Description of the task:
Below is a set of records; reproduce them exactly without their pictures.

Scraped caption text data

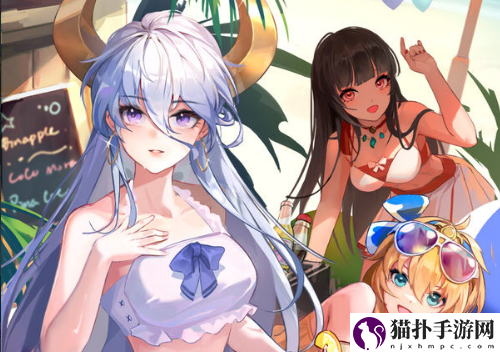 闪烁之光怎么在电脑上玩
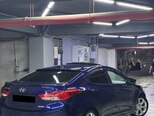 Hyundai Elantra-6
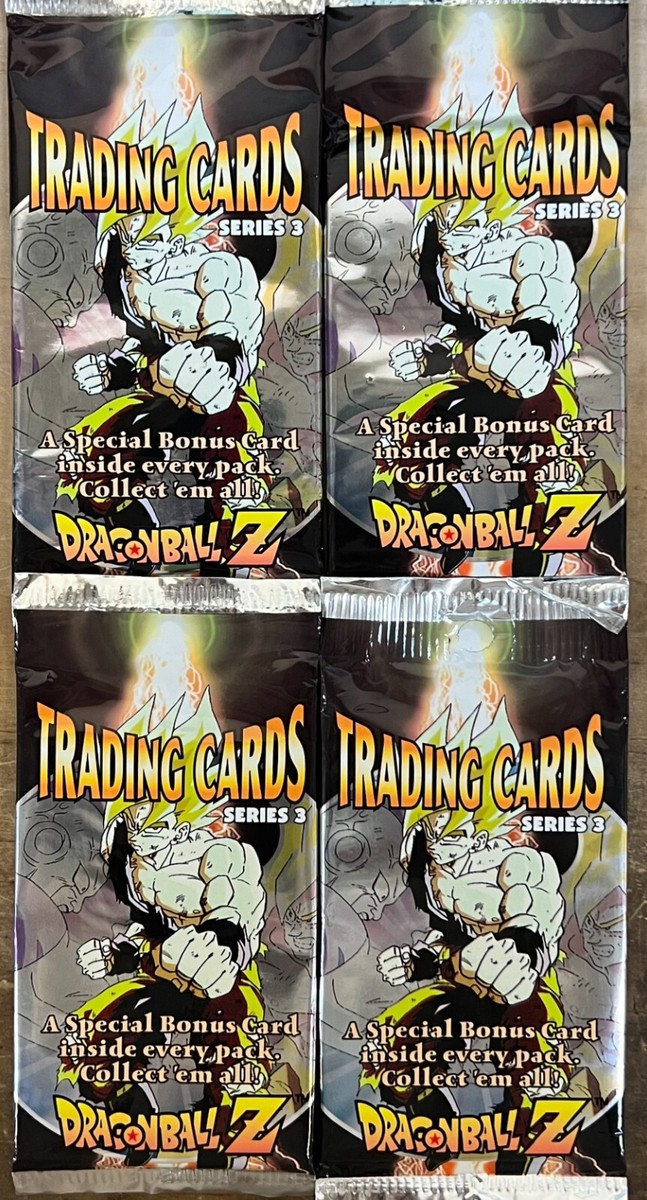 DVD ドラゴンボールZ レンタル版全49巻 （xs918 レンタルUP◎DVD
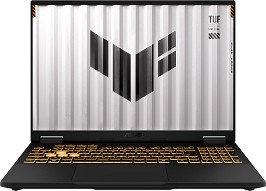 Лаптоп ASUS TUF F16 FX608JMI-TU271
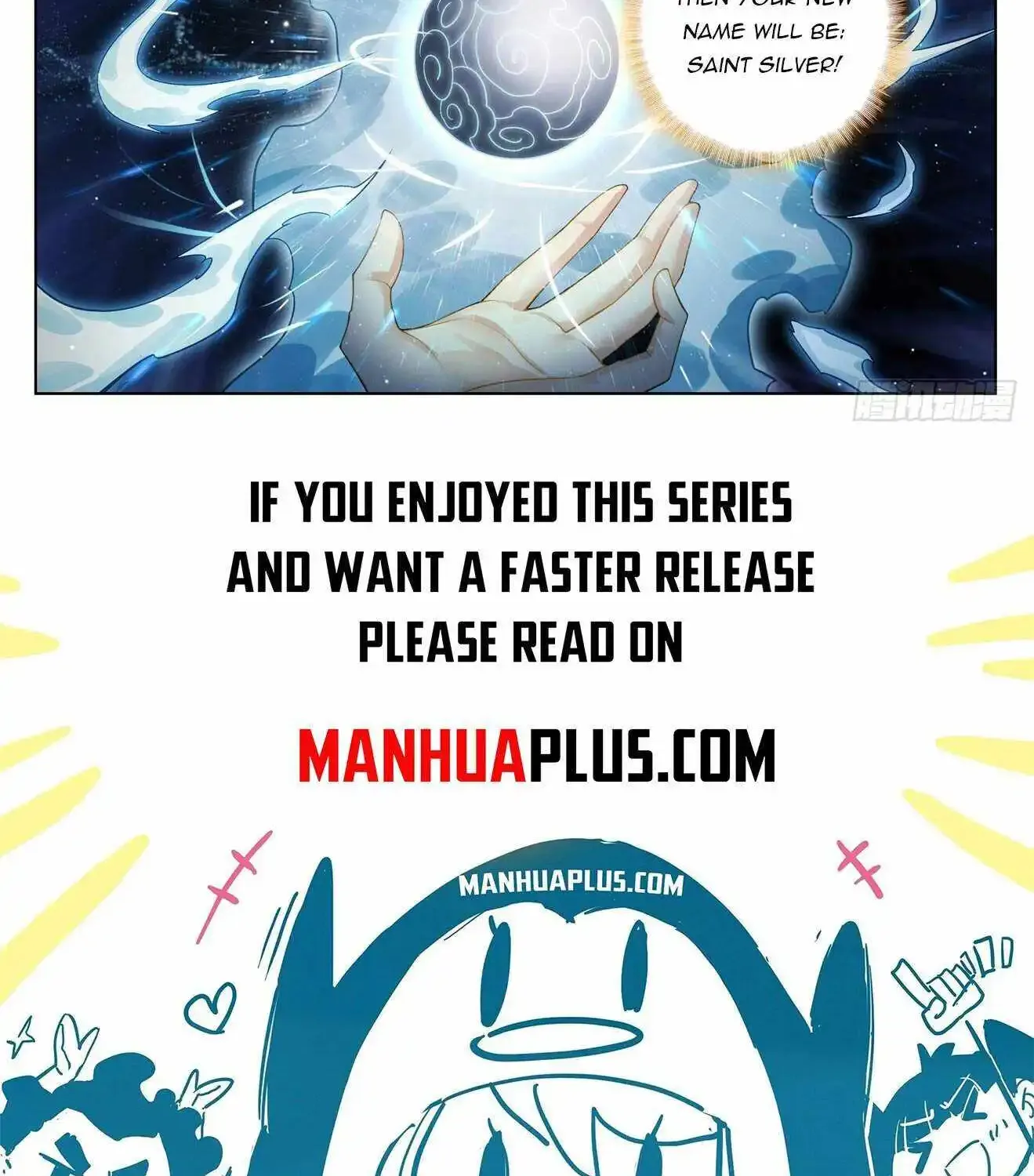 Read Yuan Zun Manga Online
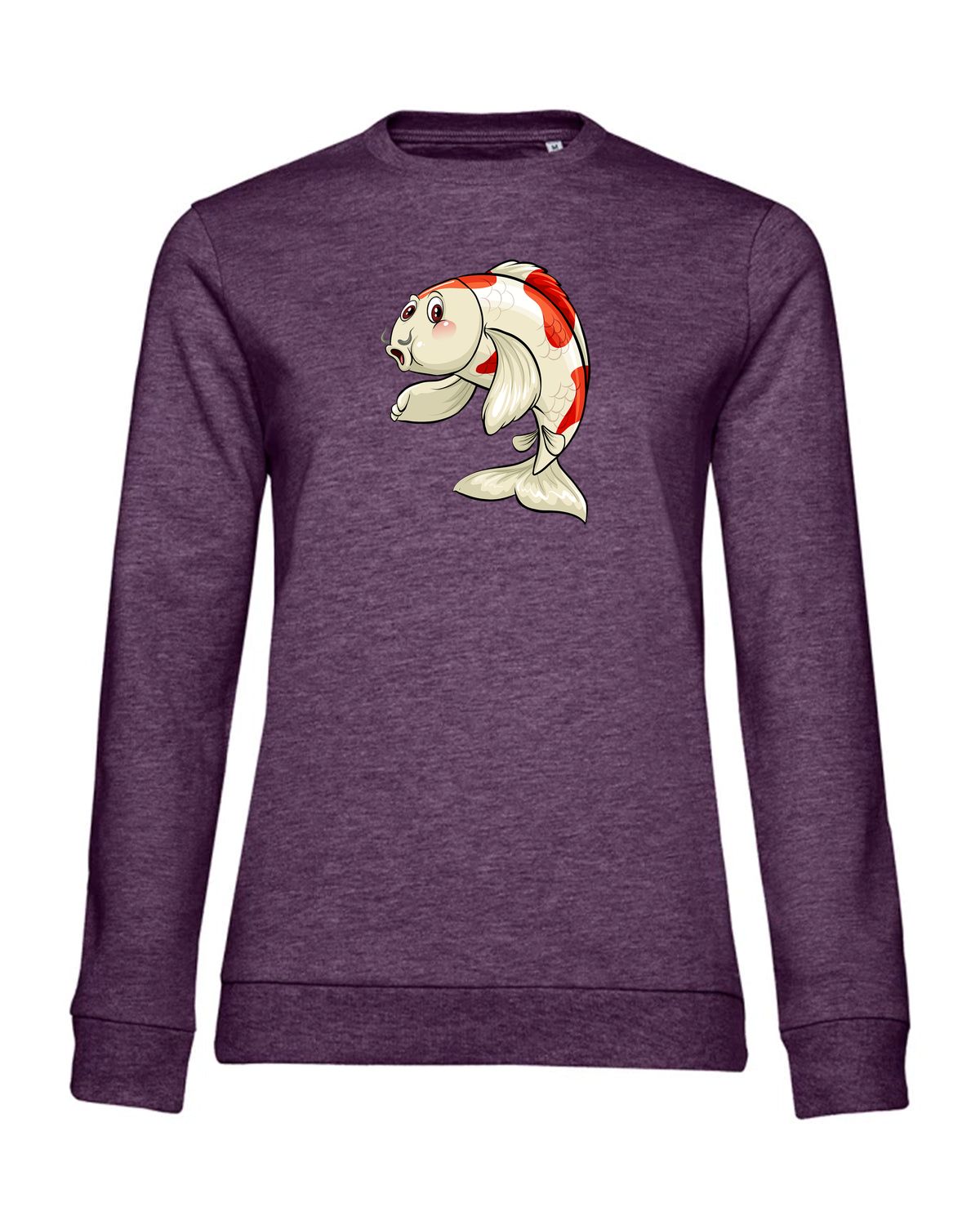 bundle-src:https://cdn.shopify.com/s/files/1/0946/1078/4639/files/WW02W_P_BC_616_01.jpg?v=1773067021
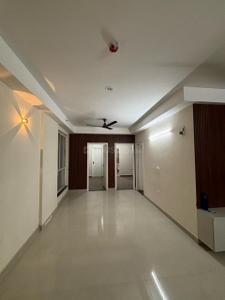 Hall Image of 1365 Sq.ft 2 BHK Apartment / Flat for sale in ILD Greens, Sector 37C Gurgaon for Rs. 12500000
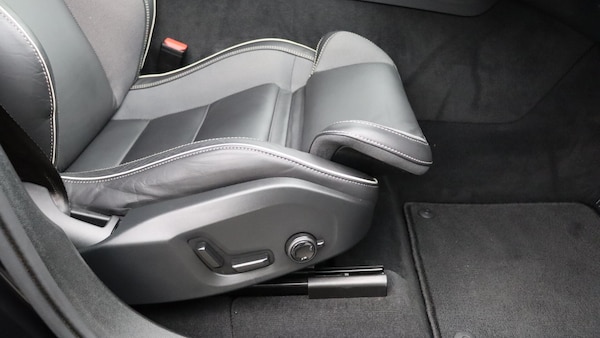 Used Volvo XC60 2025 for sale - 76307133: Photo 30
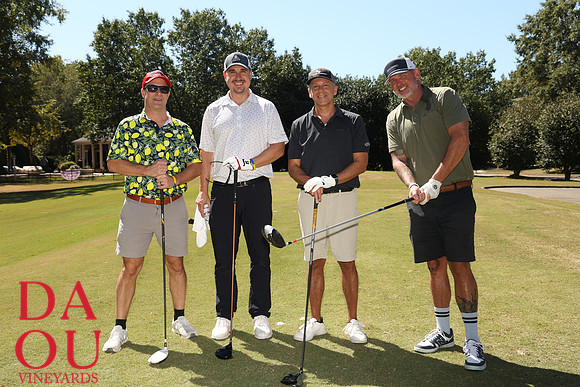 260928_Firebirds_ALSF_Golf_187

Written response:
 闪烁之光怎么在电脑上玩
 Hyundai Elantra-6
 DVD ドラゴンボールZ レンタル版全49巻 （xs918 レンタルUP◎DVD
 Лаптоп ASUS TUF F16 FX608JMI-TU271
 Read Yuan Zun Manga Online
 bundle-src:https://cdn.shopify.com/s/files/1/0946/1078/4639/files/WW02W_P_BC_616_01.jpg?v=1773067021
 Hall Image of 1365 Sq.ft 2 BHK Apartment / Flat for sale in ILD Greens, Sector 37C Gurgaon for Rs. 12500000
 Used Volvo XC60 2025 for sale - 76307133: Photo 30
 260928_Firebirds_ALSF_Golf_187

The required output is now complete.